United Technologies Inc., the Aerospace Industries Assoc. (AIA), and other groups have opposed aspects of the Moon Treaty. The L-5 Society — a group of scientists, engineers, and “concerned citizens” — last year lobbied the Senate and the White House extensively against the treaty.
The L-5 Society published this cover on the L5 News in October 1979, early in its campaign to renounce the “Moon Treaty.”
As a result of the opposition generated by these private groups and a growing wariness of the treaty expressed by some members of the Senate Foreign Relations Committee, the Carter administration last year put the pact on hold and established an interagency committee to review the treaty and seek a compromise.
“That interagency committee never submitted its report,” said David Small, a State Dept. attorney familiar with the Moon Treaty.
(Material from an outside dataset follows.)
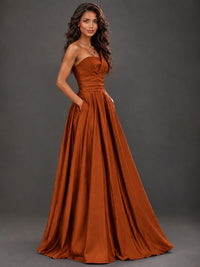 Draped Satin Prom Dress Strapless A-line Formal Dress Floor Length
Added a White House official, “After Reagan was elected, the administration gave serious notice that it was against the Moon Treaty and the Law of the Sea Treaty.” While neither the administration nor the Senate has taken an official position on the Moon Treaty, insiders explain that there is every indication that by their not actively moving forward with ratification, the treaty is essentially dead.
Part of the opposition to the treaty lies in the fact that “the smaller countries of the world, which compromise less than 20% of the wealth or power, in effect would be in a position where they could attack those countries or companies that went out and developed” the Moon or outer space, said Mark Hopkins, executive vice president of the L-5 Society.
“The Reagan administration has not formally said anything,” Hopkins told IR&D. “However, we know the people that are in charge of this sort of thing at the State Dept., and we have the utmost confidence that they are not going to sign it.”
An informed Senate source explained that even prior to the elections, some members of the Foreign Relations Committee took the position that they were opposed to the treaty. “I don’t think that has changed,” he said. “I suspect that the views expressed then are pretty much in line with the philosophies of the present Senate.
“But the key is not how the Senate Foreign Relations Committee would react; it’s whether the Reagan administration would ever agree to go along with it. I sort of doubt they would in light of what they’ve done with respect to the Law of the Sea,” he said.
Earlier this year the administration announced it would temporarily block completion of the Law of the Sea Treaty, which was scheduled for final deliberations after more than six years of effort. Officials told the Senate that there were serious problems with the Sea treaty, especially with provisions that would limit production of manganese nodules from the deep seabed and mandate creation of a global revenue-sharing fund to distribute profits from such mining. Both the Law of the Sea and the Moon Treaties term their respective resource areas the “common heritage of mankind.”
Some critics of the Moon Treaty foresee a possibility of compromise. One approach would be to “try to negotiate a treaty which will allow free enterprise to operate in space and also put together some sort of governing body for resources in space.” Hopkins said. “In this way, each nation that’s invoked in it would have a voting strength proportional to the level of investment they put into it.”
Whether such a proposal would seriously he considered by the strictly egalitarian U.N. is questionable, others say. And at this point many are comfortable with the prospect that the Moon Treaty seems destined to remain on the back burner, at least for the foreseeable future.